← Index
Nº 089
Workbench — Active

Local LLM context caching finally holds

04.29.26 · 3 min read · Workbench
#ollama#local-llm#modelfile

For three days I've been fighting context window drift in my local Ollama setup. The model would cache correctly for the first few turns, then suddenly drop the entire context and start fresh. No error. Just silence and reset.

The working configuration

I suspected the quantization flags first. I’d been using Q4_K_M for speed, but the context extension to 32k tokens wasn’t designed for that quantization level. The modelfile documentation is vague on this point — it mentions compatibility but doesn’t specify which quantization levels support extended context reliably.

The breakthrough came when I stopped treating the modelfile as configuration and started treating it as a build artifact. Instead of editing and restarting, I began versioning each attempt.

FROM qwen2.5-coder:14b

PARAMETER temperature 0.7
PARAMETER num_ctx 32768
PARAMETER num_predict -1
PARAMETER repeat_penalty 1.1

SYSTEM """You are a helpful coding assistant. Prioritize correctness over speed."""

The key was removing explicit quantization flags and letting Ollama pull the appropriate layer automatically. When I forced Q4_K_M, the context extension couldn’t bind correctly to the KV cache. Without the constraint, it defaulted to a configuration that supported both the extended context and the model’s attention mechanism.

What didn’t work

I tried three failed approaches before landing on this one. First, I increased num_gpu layers, thinking the issue was offloading. Then I adjusted repeat_penalty to aggressive levels, which only made outputs incoherent. Finally, I attempted a custom template rewrite, which broke the chat format entirely.
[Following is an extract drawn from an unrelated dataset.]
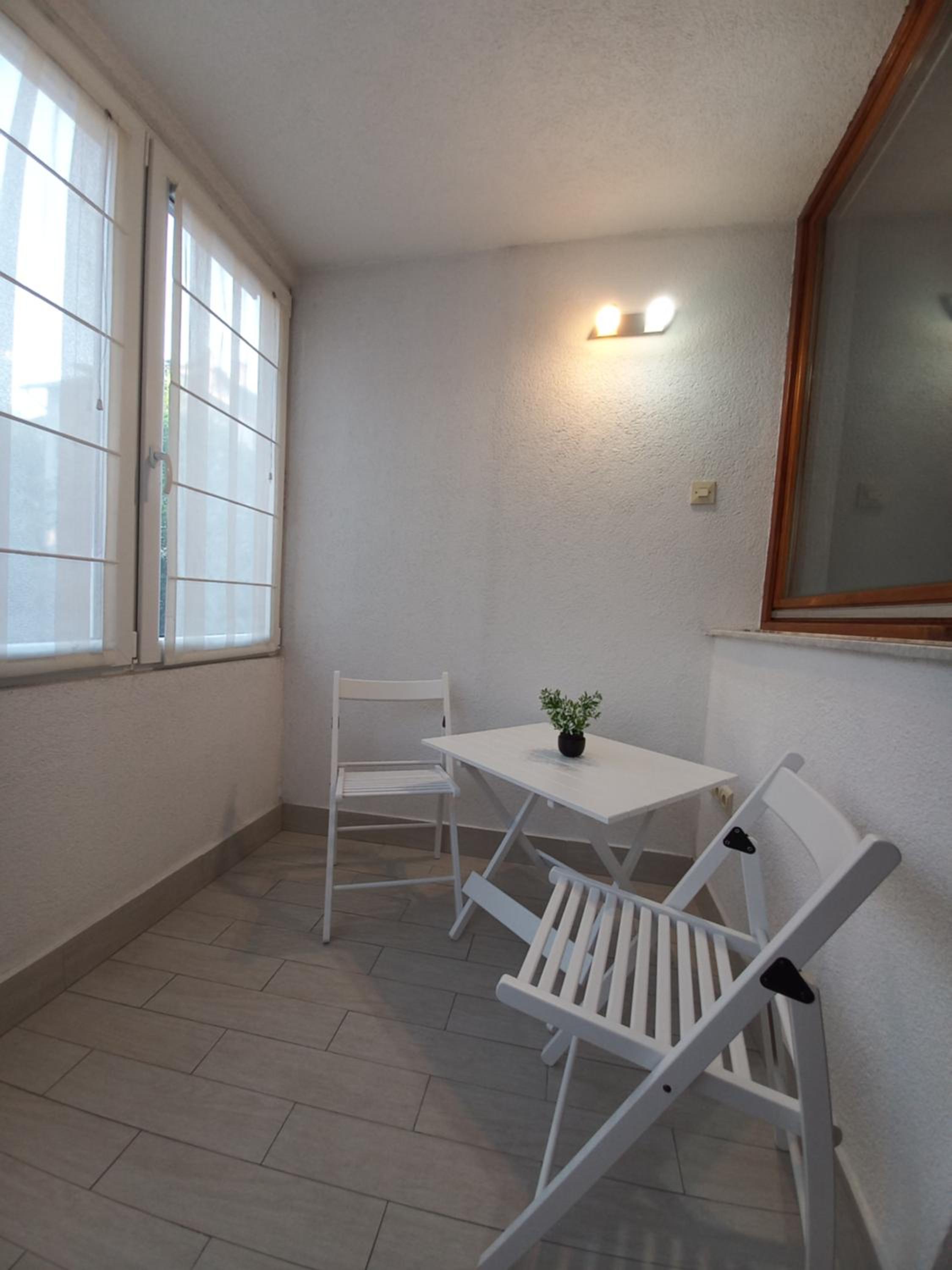 Cozy Sarajevo City Apartment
The temptation with local LLMs is to optimize for speed first. But context integrity is the foundation everything else builds on. A fast model that forgets what you told it three turns ago is worse than a slow model that remembers.

I’m still testing edge cases — very long code blocks (500+ lines), multi-file context, and sustained conversations over 50 turns. So far, the cache holds. I’ll update this entry if anything changes.1

Next steps

The next experiment is running this same configuration on the qwq reasoning model to see if the context extension plays nicely with chain-of-thought outputs. If it does, I might have a single local setup that handles both rapid coding queries and deep reasoning tasks without switching models.

Footnotes

  1. Update 05.01.26: Cache still holding after 72 hours of mixed use. No drift observed across 200+ turns.